Furthermore, Irsay has also proclaimed the team is more or less in “Super Bowl or bust mode,” only heightening the tension within the building. Given their differences of opinion on staff matters, personnel issues, a growing inter-personal strain and the minimal attempt made to extend Pagano, it’s created a culture where any coach would feel as if his future is elsewhere. For example, many coaches were shocked the Colts -- with glaring needs on offensive and defensive line -- took another wide receiver in the first round once pass rusher Shane Ray went off the board to Denver.
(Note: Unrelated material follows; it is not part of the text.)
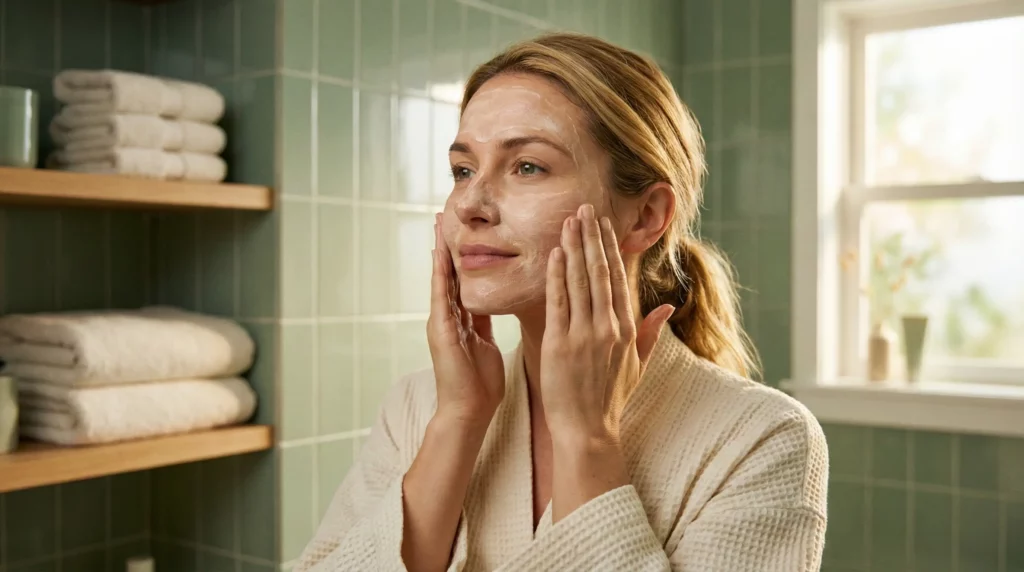 A woman gently cleansing her face as part of a barrier-first adult acne routine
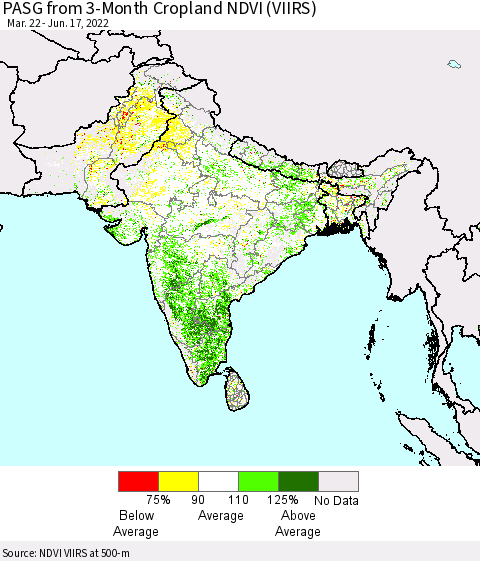 Southern Asia PASG from 3-Month Cropland NDVI (VIIRS) Thematic Map For 6/10/2022 - 6/17/2022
Those closest to Pagano view it as an eventuality he’s gone; if the team does not reach or win the Super Bowl, he’s out of contract and the likeliest fall guy. And if he does win it all, Pagano’s outside leverage with other teams will never be higher. It’s also nearly impossible for them to imagine a scenario in which he and Grigson are still both there together even if the coach did opt to stay in Indianapolis on a lucrative new deal.
Some have likened it to the situation between the 49ers and then-coach Jim Harbaugh last year, after their inability to get anywhere on an extension became common knowledge and the coach neared lame-duck status. Harbaugh eventually departed with a year left on his deal.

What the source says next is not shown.